La nota a firma del presidente Domenico Vecchio chiede dunque un confronto «serio e costruttivo tra tutti gli attori del settore» e indica come primo passo il ripristino della Consulta del Turismo, uno strumento ritenuto dall'associazione il più idoneo per garantire un dialogo stabile tra amministrazione comunale, associazioni di categoria, operatori turistici e imprenditori.
Perché la Consulta è considerata necessaria
Secondo l'associazione, la Consulta potrebbe svolgere funzioni concrete: monitorare l'andamento della stagione tramite l'analisi dei dati, raccogliere segnalazioni degli operatori, mettere a punto azioni coordinate e programmare interventi di breve e medio periodo. La richiesta sottolinea inoltre la necessità di non affrontare il turismo solo in chiave emergenziale, ma con politiche condivise e continuative.
- Monitoraggio: confrontare percezioni e dati oggettivi per capire la dimensione del calo;
- Programmazione: individuare azioni comuni per sostenere la stagione e la promozione del territorio;
- Dialogo: creare un canale stabile di confronto tra istituzioni e operatori.
Impatto locale e prossimi passi
La richiesta dell'associazione interessa direttamente il tessuto economico locale: il turismo è un settore che influisce su occupazione, ristorazione, commercio e servizi. Un calo prolungato delle presenze può avere ricadute su redditi e flussi occupazionali nella provincia. Per questo motivo l'associazione chiede che l'amministrazione comunale convochi al più presto la Consulta del Turismo affinché diventi «il luogo di confronto permanente sulle politiche turistiche della città e sull'andamento della stagione in corso».

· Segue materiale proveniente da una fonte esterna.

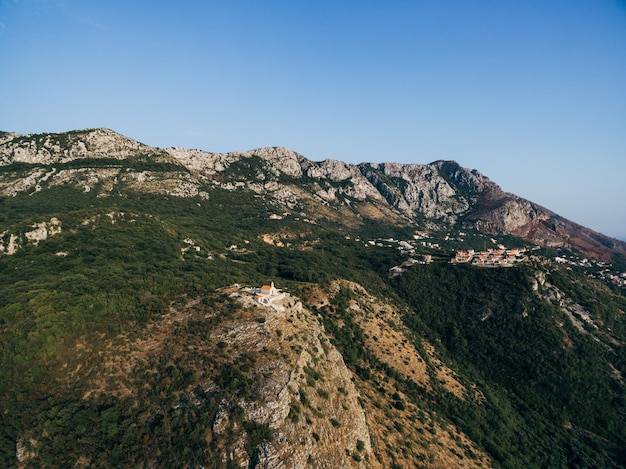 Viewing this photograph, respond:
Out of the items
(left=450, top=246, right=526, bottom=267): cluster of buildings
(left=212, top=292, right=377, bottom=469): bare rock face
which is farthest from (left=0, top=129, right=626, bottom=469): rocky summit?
(left=450, top=246, right=526, bottom=267): cluster of buildings

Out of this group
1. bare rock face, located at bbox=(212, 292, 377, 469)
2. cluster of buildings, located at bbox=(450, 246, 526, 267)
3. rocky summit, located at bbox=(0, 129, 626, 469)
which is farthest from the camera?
cluster of buildings, located at bbox=(450, 246, 526, 267)

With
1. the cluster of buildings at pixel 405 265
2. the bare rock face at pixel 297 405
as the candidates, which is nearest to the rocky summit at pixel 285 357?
the bare rock face at pixel 297 405

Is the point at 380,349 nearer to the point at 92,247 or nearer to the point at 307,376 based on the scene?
the point at 307,376

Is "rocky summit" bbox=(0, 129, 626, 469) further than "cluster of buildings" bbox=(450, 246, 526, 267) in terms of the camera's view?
No

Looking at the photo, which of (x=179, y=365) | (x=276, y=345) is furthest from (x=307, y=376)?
(x=179, y=365)

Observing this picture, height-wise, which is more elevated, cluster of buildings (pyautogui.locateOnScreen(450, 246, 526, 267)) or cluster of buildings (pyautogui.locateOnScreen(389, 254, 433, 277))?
cluster of buildings (pyautogui.locateOnScreen(450, 246, 526, 267))

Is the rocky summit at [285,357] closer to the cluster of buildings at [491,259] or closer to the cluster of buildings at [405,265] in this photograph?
the cluster of buildings at [405,265]

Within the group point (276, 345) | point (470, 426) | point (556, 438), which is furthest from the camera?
point (556, 438)

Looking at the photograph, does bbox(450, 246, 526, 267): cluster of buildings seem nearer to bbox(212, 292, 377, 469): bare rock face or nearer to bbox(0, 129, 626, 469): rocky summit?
bbox(0, 129, 626, 469): rocky summit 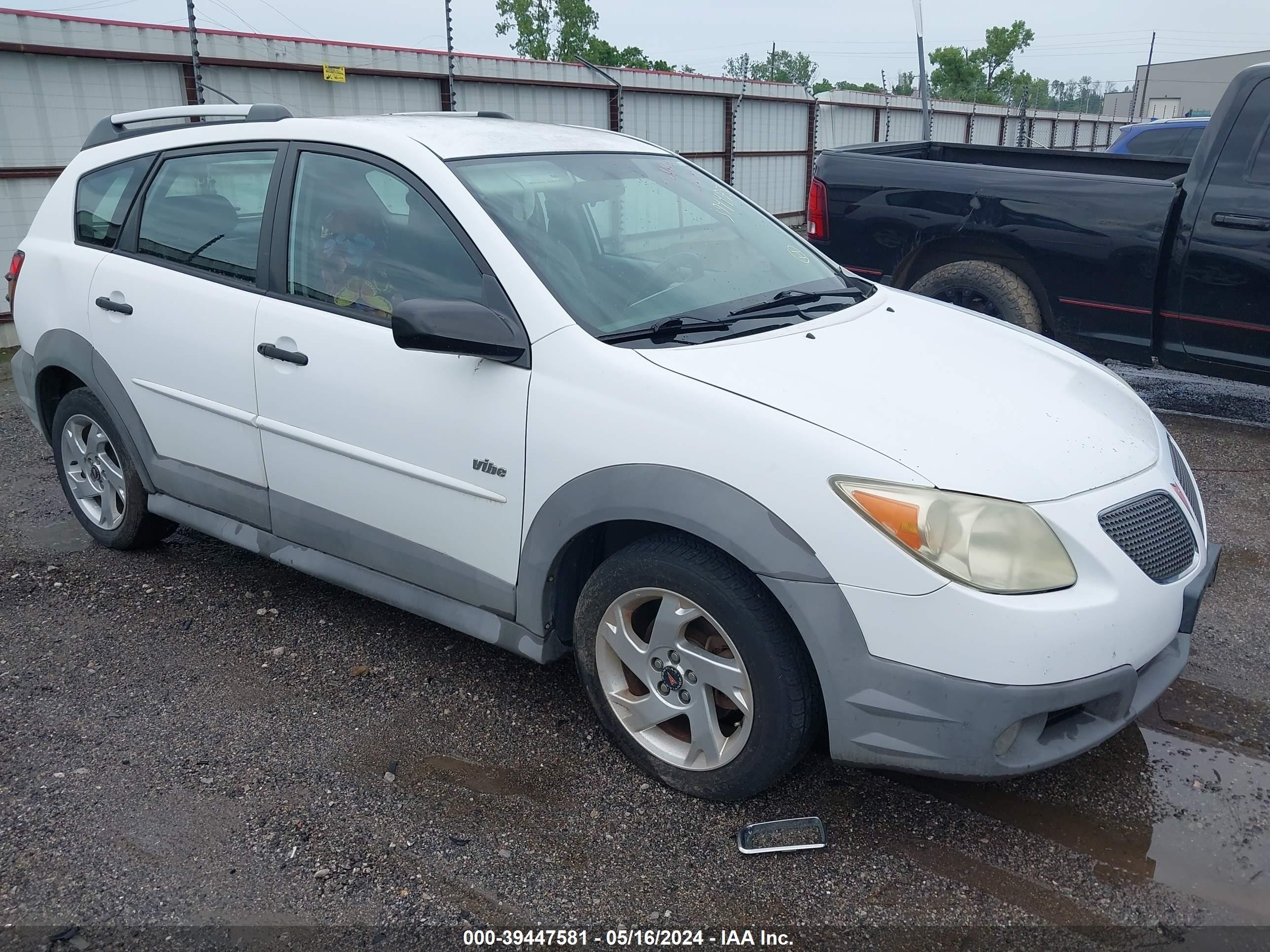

Al momento la nota non riporta dati numerici né indica tempistiche precise per la convocazione, lasciando aperta la necessità che il Comune fornisca riscontri ufficiali e condivida le evidenze su cui basare eventuali interventi. La previsione dell'associazione è chiara: senza ascolto, programmazione e condivisione il patrimonio storico e culturale di Agrigento non potrà essere sfruttato pienamente come motore di sviluppo economico e occupazionale.
| Richiesta | Obiettivo |
|---|---|
| Ripristino della Consulta del Turismo | Confronto stabile tra istituzioni e operatori |
| Analisi dei dati | Verificare se il calo è soggettivo o reale |
| Pianificazione condivisa | Programmare azioni per valorizzare il territorio |
La palla ora passa all'amministrazione comunale: la scelta del sindaco di trattenere la delega dimostra attenzione verso il settore, ma dovrà essere accompagnata da atti concreti e da un dialogo aperto con il mondo produttivo locale. Gli operatori e le associazioni attendono risposte e tempi certi per avviare una verifica che chiarisca trend, cause e rimedi possibili per sostenere la stagione turistica di Agrigento.
In assenza di numeri ufficiali allegati alla nota, restano centrali le richieste di trasparenza e di una convocazione rapida della Consulta: solo così si potrà passare dalla percezione alla programmazione condivisa.